Word for word, copy the line that contains "Junior high school." and each line after it in the data below. Pictures stay out of the copy.
── The data
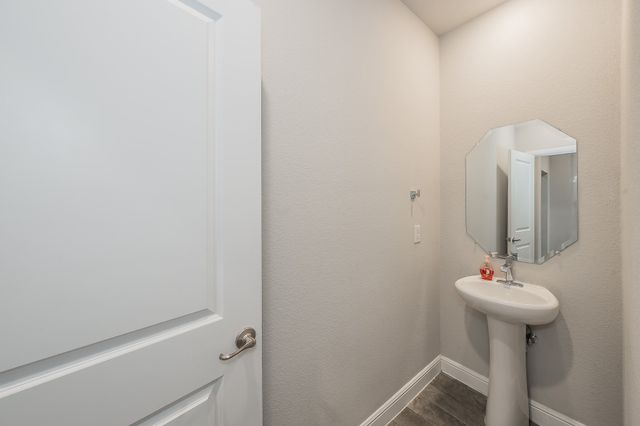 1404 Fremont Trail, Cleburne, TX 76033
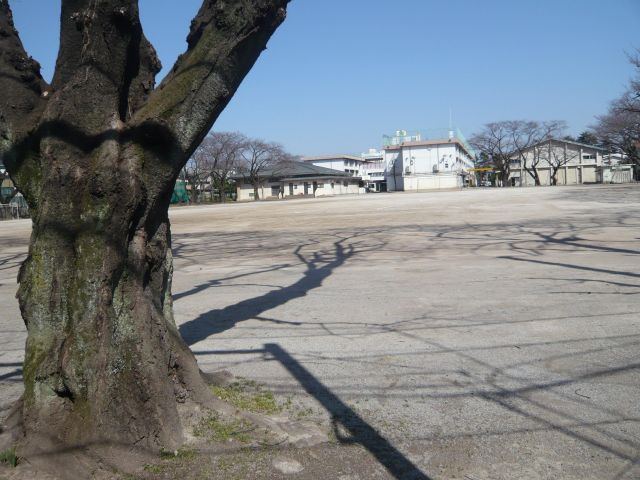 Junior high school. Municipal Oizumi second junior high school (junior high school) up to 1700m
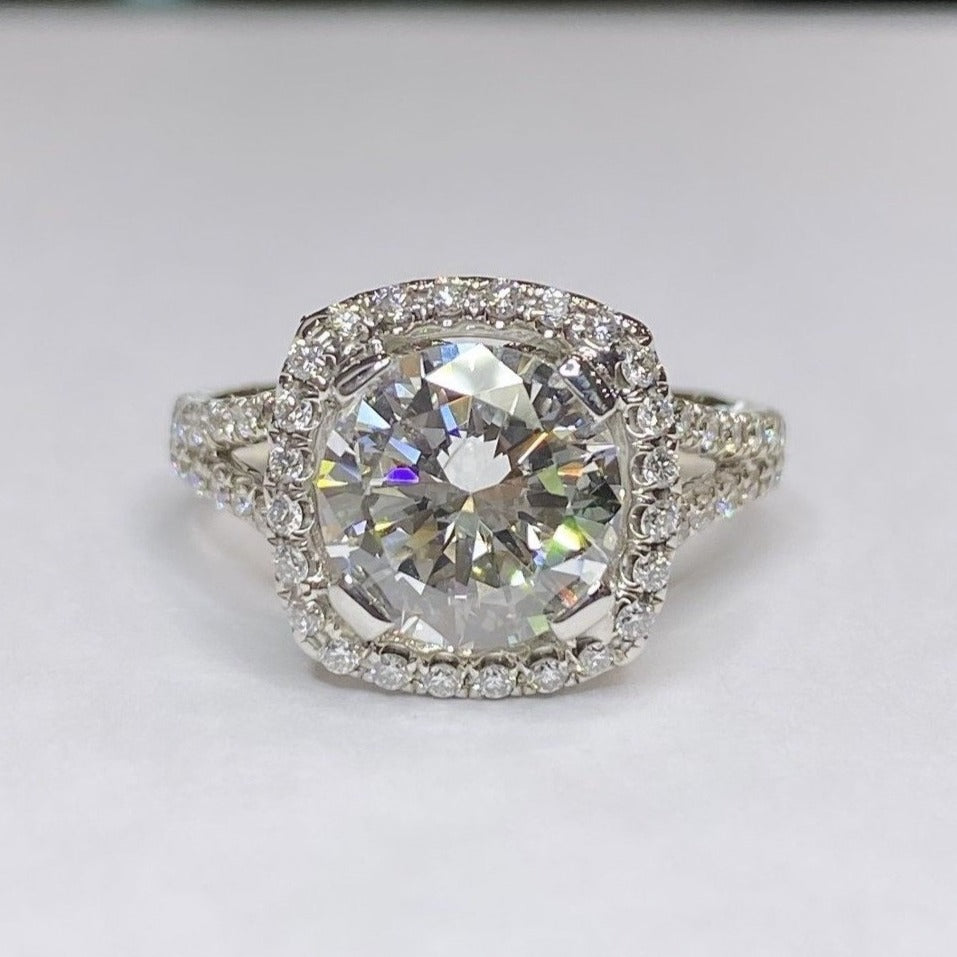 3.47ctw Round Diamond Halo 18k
────
Final answer
 Junior high school. Municipal Oizumi second junior high school (junior high school) up to 1700m
 3.47ctw Round Diamond Halo 18k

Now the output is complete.